Description
I'd like to propose a small project aimed at updating tests in the Perl core distribution. This proposal has two intended audiences:
-
Core committers and other veteran committers who might be able to tell us why we should not embark on this project.
-
First-time or new contributors who will actually execute the project as a series of pull requests to be reviewed by core committers.
The focus of the project will be the 8 test files found in dist/IO/t
which do not use either Test::More
or the core distribution's own t/test.pl
to generate TAP output. These test files, which date from the earliest days of Perl 5 (or possibly earlier), each generate output by using manually coded print ok
or print not ok
statements.
$ ack -L '^use Test::More' ../dist/IO/t/*.t | xargs ack -L 'test\.pl' | xargs ls |sort
../dist/IO/t/io_const.t
../dist/IO/t/io_dup.t
../dist/IO/t/io_pipe.t
../dist/IO/t/io_poll.t
../dist/IO/t/io_sel.t
../dist/IO/t/io_sock.t
../dist/IO/t/io_tell.t
../dist/IO/t/io_unix.t
Since it is cumbersome to include test descriptions (alternatively called 'names' or 'labels') in that approach, 7 of these 8 files have no descriptions whatsoever and the eighth has only a handful. So when a particular unit test fails, all we get is a number.

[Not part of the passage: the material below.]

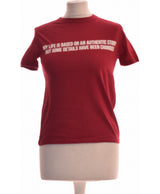 281208 Tops et t-shirts ZARA Occasion Once Again Friperie en ligne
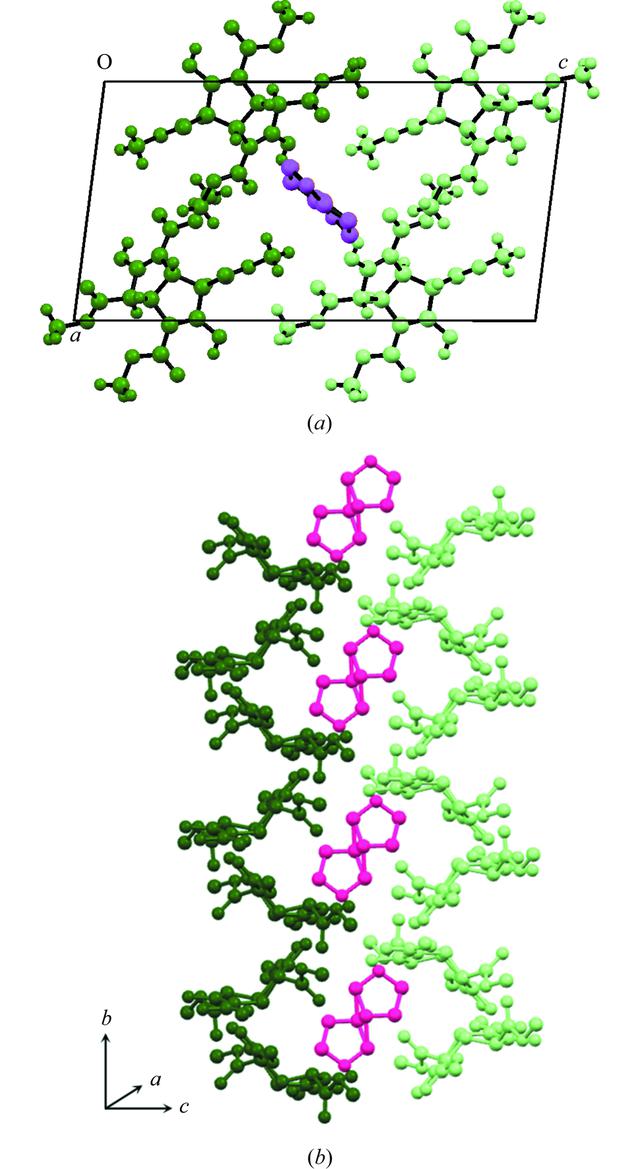 [Figure 2]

This is particularly annoying when one of these tests fails during smoke-testing (as io_poll.t
did for me within the past week).
A separate pull request should be prepared for each file (in part to encourage multiple participants in this project). The first commit in each p.r. should simply convert a given file to use Test::More
without adding any new descriptions. The second commit should add the descriptions. In the course of preparing test descriptions participants will necessarily have to learn a lot about I/O operations whose fundamentals date back to the early days of Unix. (I myself have rarely written Perl code directly using these operations, much less testing them.)
Core Committers: Is there any reason we should not convert these files to Test::More
? @toddr @atoomic @ilmari @tonycoz
Once we've handled any objections we'll make a more formal call for volunteers.